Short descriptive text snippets

========================

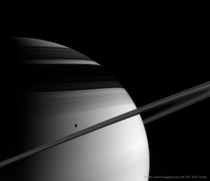 The ice moon Tethys passes in front of Saturns rings photo taken in  from the Cassini spacecraft 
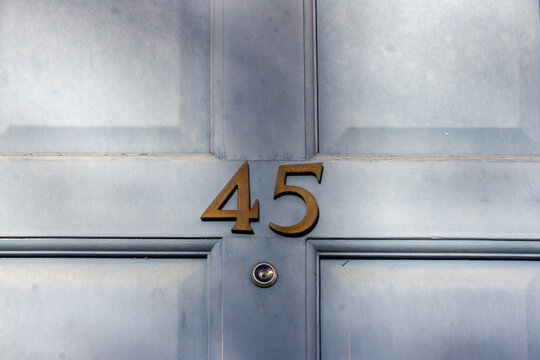 House Number 45 On A Light Blue Wooden Front Door In London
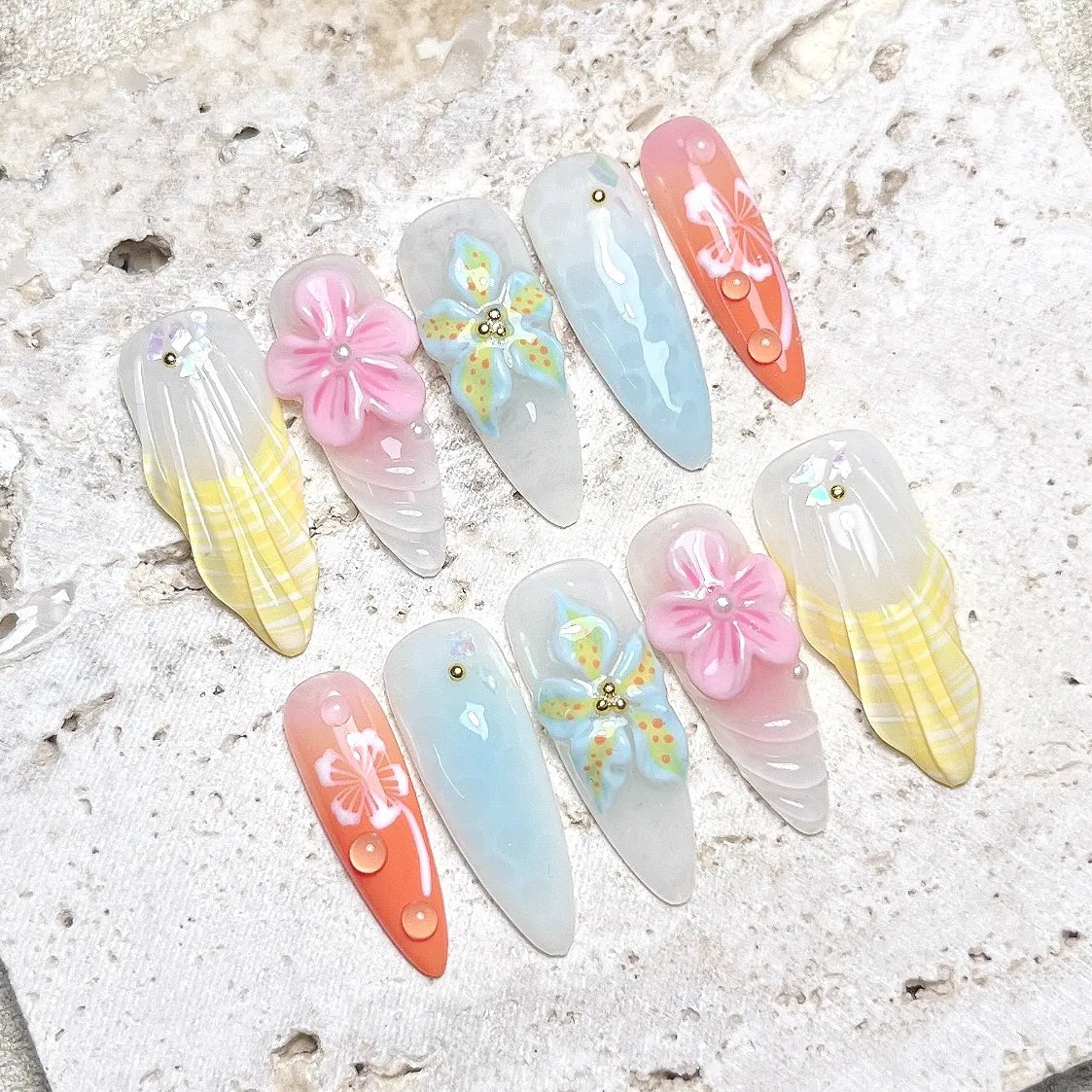 Handmade pastel mermaid press-on nails with 3D flowers, jellyfish, shells, and pearl gems.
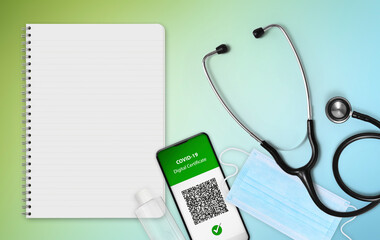 Green pass covid-19 vaccination concept, face mask, stethoscope and digital certificate of vaccine on smartphone screen with qr code, isolated on green and blue background with blank white paper sheet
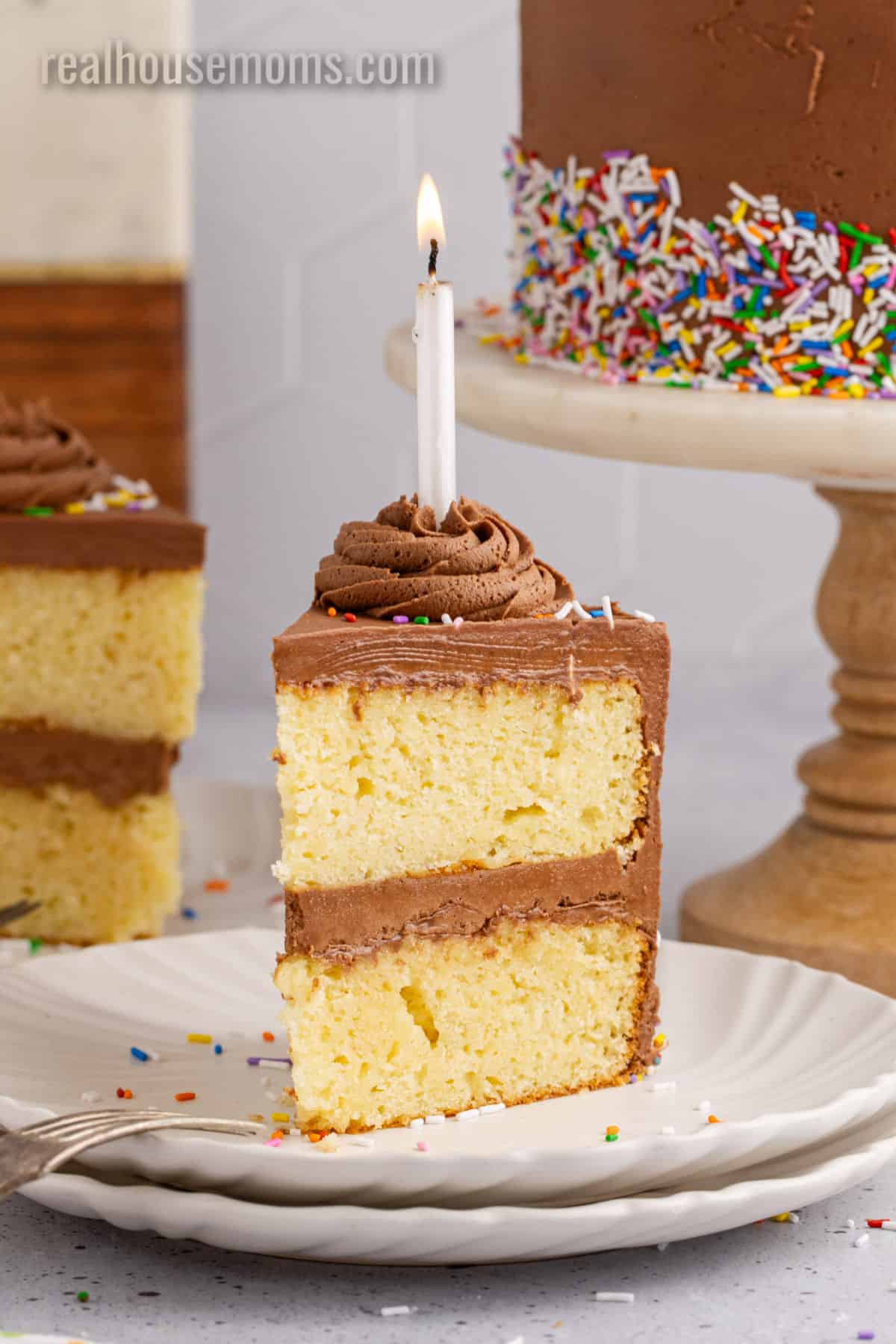 slice of birthday cake with a lit candle on a small plate next to the rest of the cake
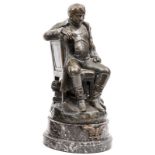 A bronze figure of Napoleon, seated sideways on a chair, wearing greatcoat without headdress, signed
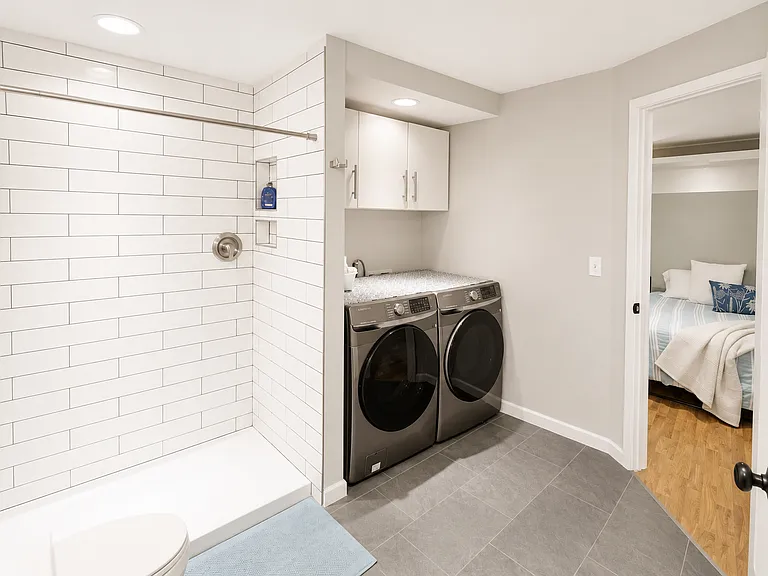Spacious Laundry Room with New Samsung Washer and Dryer - Third Bathroom with Large Tile Shower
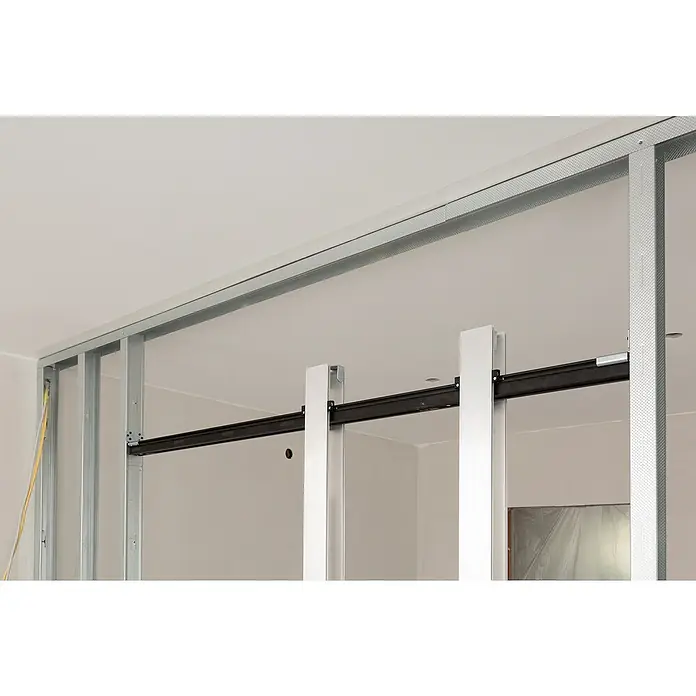 Knauf Klemmbacken Pocket Kit - Belastbarkeit pro Tür: 120 kg, Passend für: Glastürblätter mit Glasdicken 8/10/12 mm VSG/ESG - Ein Blick auf eine unfertige Wand mit einem Ständerwerk aus Metallprofilen, das die Struktur für den Trockenbau bildet.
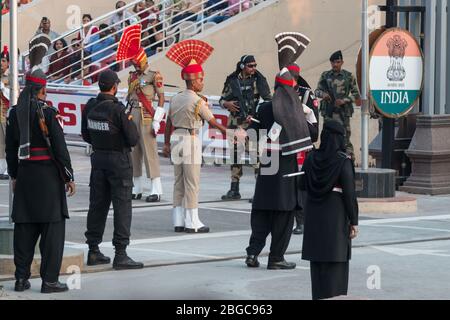 Soldati indiani e pakistani si stringono le mani alla cerimonia di frontiera di Wagah al confine tra Pakistan e India. Foto Stock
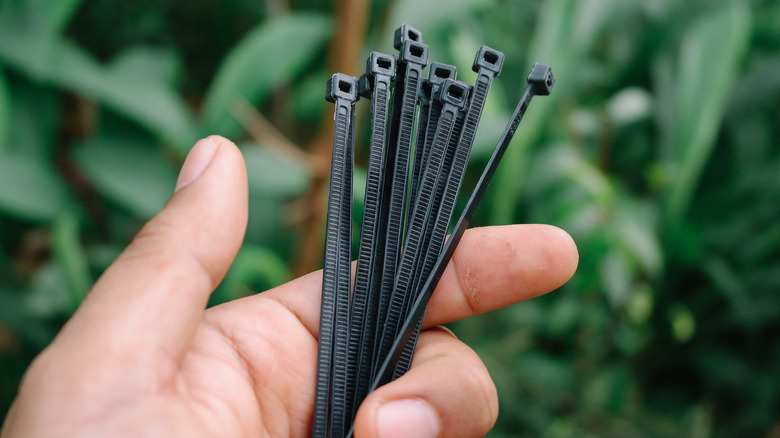 Hand holding black cable ties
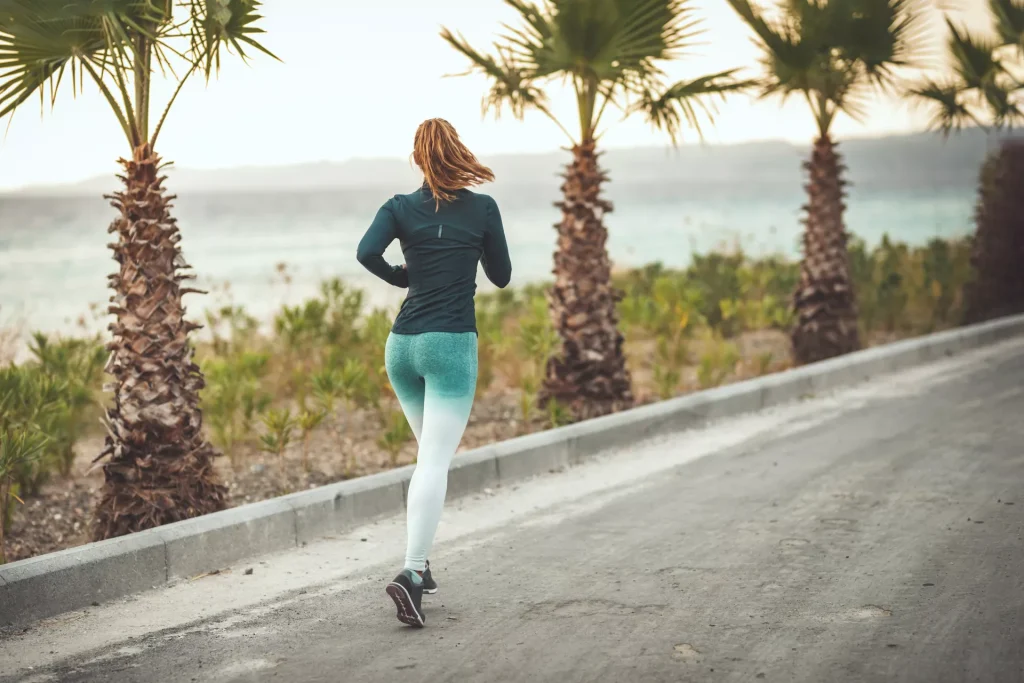 woman running near ocean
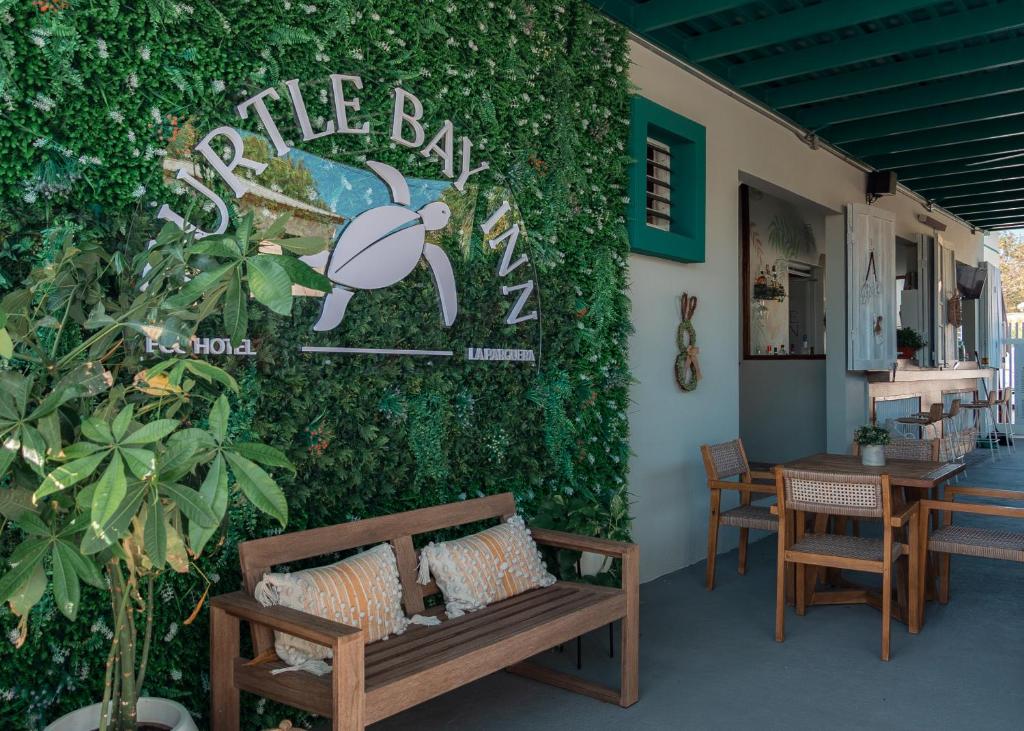 a green wall with a bench and a sign on it at Turtle Bay Inn in Lajas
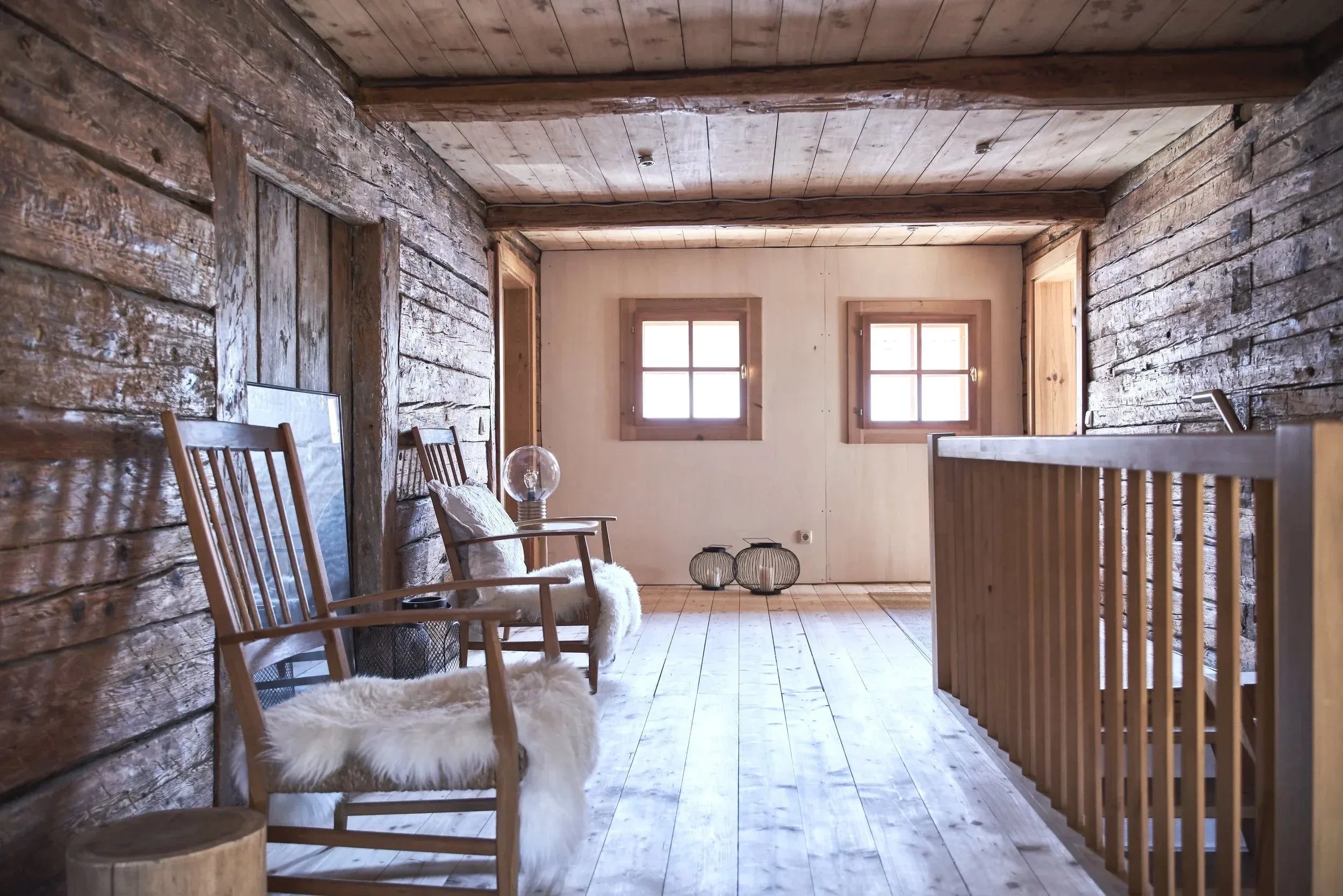 Galerie mit historischem Blockholz, Schaukelstühlen und Schaffellen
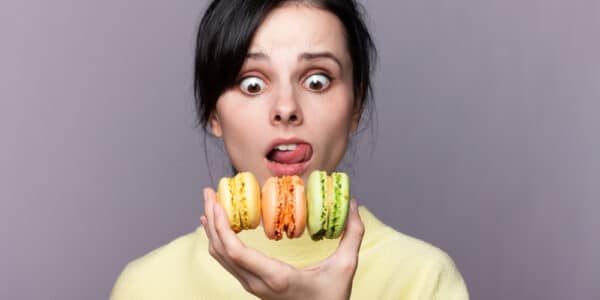 Photo of a young woman holding three macaroons in one hand with and wild look on her face.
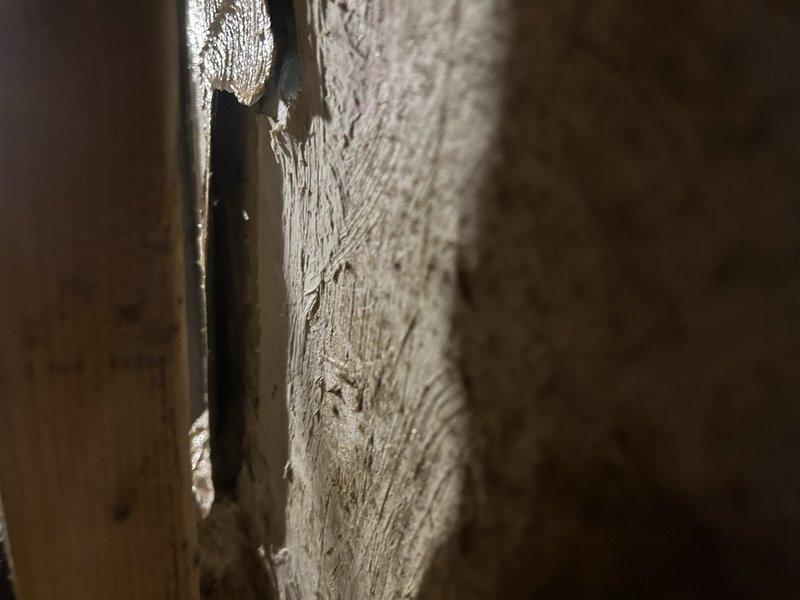 Sanibel, FL - Responded to report of water leaking in attic near ductwork. Upon inspection, discovered deteriorated wooden structural beam showing significant weathering, cracking, and fiber separation near HVAC components. Examined HVAC condensate management system including black metal drain pan positioned over floor joists with white PVC drainage line. Observed heavily oxidized copper refrigerant lines with discoloration and patina buildup wrapped with white insulation tape. Identified water staining and residue on drain pan surface indicating active condensate collection. Documented condition of wooden joists and structural elements in immediate vicinity of HVAC equipment. Photographed deteriorated wood framing, gap between structural components, and overall installation setup to determine source of water intrusion and assess extent of moisture damage to building materials.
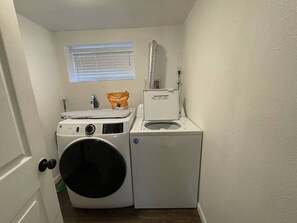 Ein kleiner Hauswirtschaftsraum mit einer Waschmaschine und einem Trockner mit Frontlader, einem Fenster mit Jalousien und einem Abluftventilator am Trockner.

========================

> _DIRECTIONS_
An exact copy of the entries above is required; pictures are not part of it.

> _OUTPUT_
 The ice moon Tethys passes in front of Saturns rings photo taken in  from the Cassini spacecraft 
 House Number 45 On A Light Blue Wooden Front Door In London
 Handmade pastel mermaid press-on nails with 3D flowers, jellyfish, shells, and pearl gems.
 Green pass covid-19 vaccination concept, face mask, stethoscope and digital certificate of vaccine on smartphone screen with qr code, isolated on green and blue background with blank white paper sheet
 slice of birthday cake with a lit candle on a small plate next to the rest of the cake
 A bronze figure of Napoleon, seated sideways on a chair, wearing greatcoat without headdress, signed
Spacious Laundry Room with New Samsung Washer and Dryer - Third Bathroom with Large Tile Shower
 Knauf Klemmbacken Pocket Kit - Belastbarkeit pro Tür: 120 kg, Passend für: Glastürblätter mit Glasdicken 8/10/12 mm VSG/ESG - Ein Blick auf eine unfertige Wand mit einem Ständerwerk aus Metallprofilen, das die Struktur für den Trockenbau bildet.
 Soldati indiani e pakistani si stringono le mani alla cerimonia di frontiera di Wagah al confine tra Pakistan e India. Foto Stock
 Hand holding black cable ties
 woman running near ocean
 a green wall with a bench and a sign on it at Turtle Bay Inn in Lajas
 Galerie mit historischem Blockholz, Schaukelstühlen und Schaffellen
 Photo of a young woman holding three macaroons in one hand with and wild look on her face.
 Sanibel, FL - Responded to report of water leaking in attic near ductwork. Upon inspection, discovered deteriorated wooden structural beam showing significant weathering, cracking, and fiber separation near HVAC components. Examined HVAC condensate management system including black metal drain pan positioned over floor joists with white PVC drainage line. Observed heavily oxidized copper refrigerant lines with discoloration and patina buildup wrapped with white insulation tape. Identified water staining and residue on drain pan surface indicating active condensate collection. Documented condition of wooden joists and structural elements in immediate vicinity of HVAC equipment. Photographed deteriorated wood framing, gap between structural components, and overall installation setup to determine source of water intrusion and assess extent of moisture damage to building materials.
 Ein kleiner Hauswirtschaftsraum mit einer Waschmaschine und einem Trockner mit Frontlader, einem Fenster mit Jalousien und einem Abluftventilator am Trockner.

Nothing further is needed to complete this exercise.